## Source data:
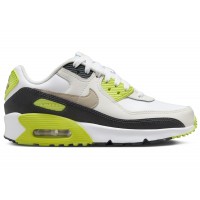 Подростковые Nike Air Max 90 White Cyber Dark Smoke Grey Khaki (GS)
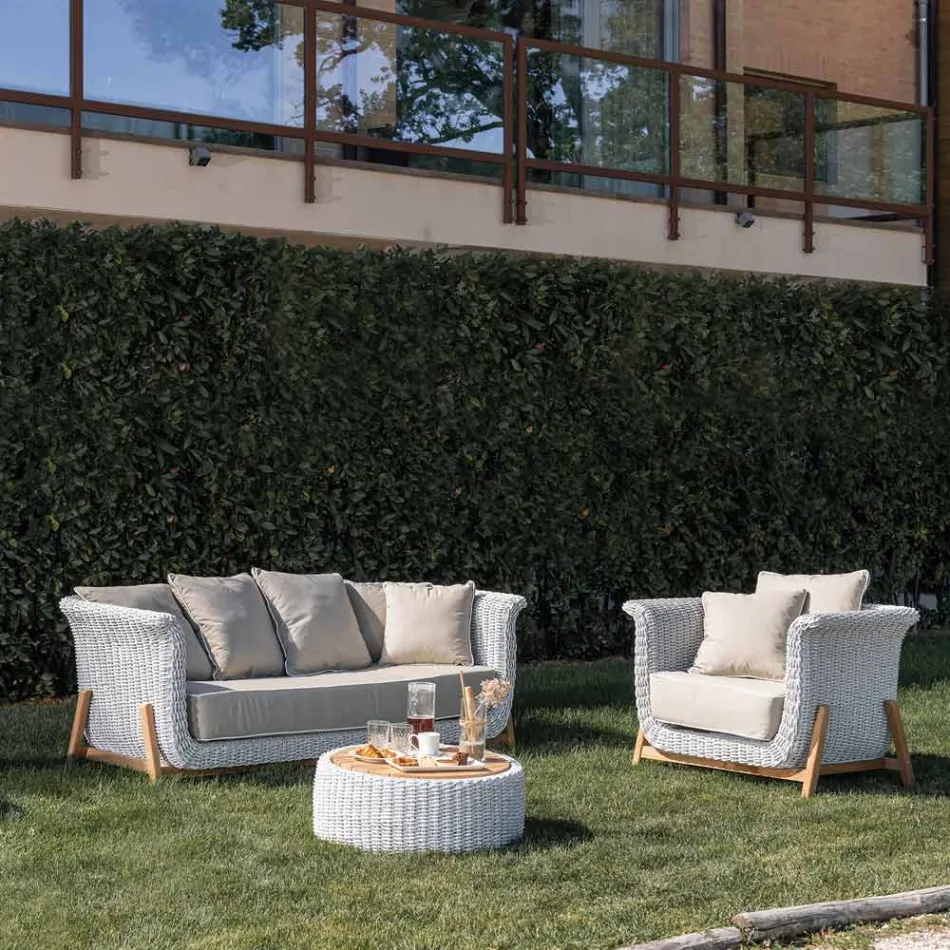 Divano da Giardino 3 Posti in Teak ed Intreccio in Corda - Arjuna Viadurini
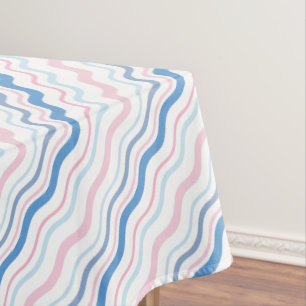 Pink Blue Wavy Lines Tablecloth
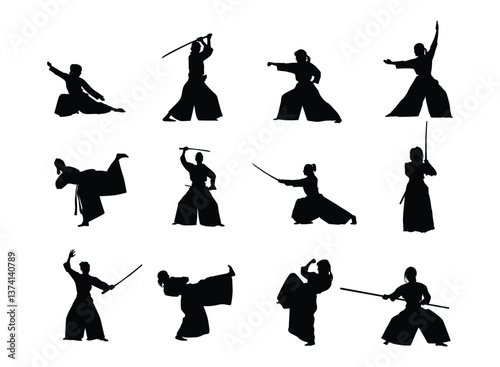 Woman aikido silhouette bundle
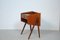 Toeletta completamente rinnovata in teak e comodini con ripiano in vetro decorato, Danimarca, anni '60, set di 3, Immagine 8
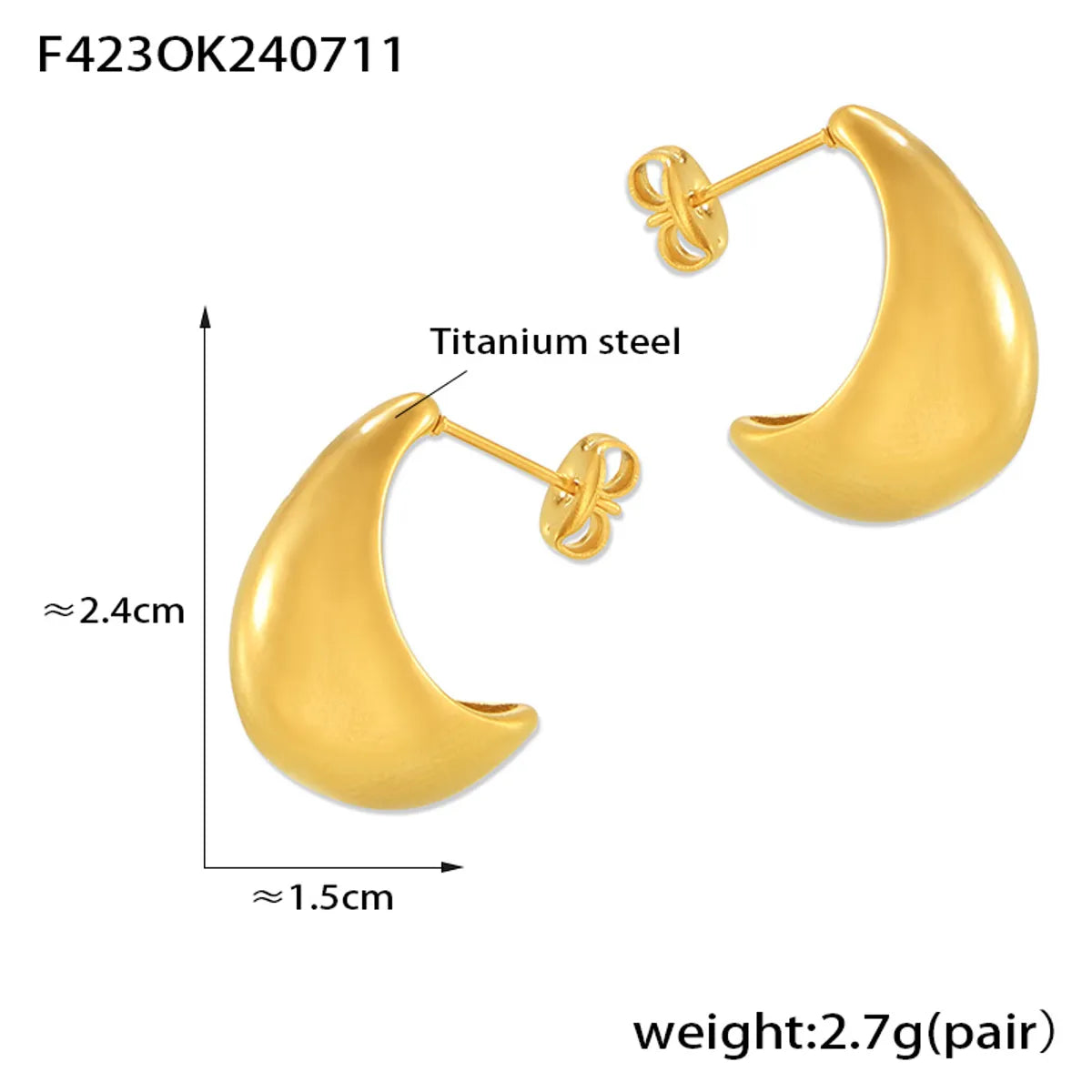 1 Pair Simple Style Classic Style C Shape Plating 304 Stainless Steel 18K Gold Plated Ear Studs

## Exercise goal:
What is needed is the whole listing again, exactly as written, with the images left out.

## The completed task:
 Подростковые Nike Air Max 90 White Cyber Dark Smoke Grey Khaki (GS)
 Divano da Giardino 3 Posti in Teak ed Intreccio in Corda - Arjuna Viadurini
 Pink Blue Wavy Lines Tablecloth
 Woman aikido silhouette bundle
 Toeletta completamente rinnovata in teak e comodini con ripiano in vetro decorato, Danimarca, anni '60, set di 3, Immagine 8
 1 Pair Simple Style Classic Style C Shape Plating 304 Stainless Steel 18K Gold Plated Ear Studs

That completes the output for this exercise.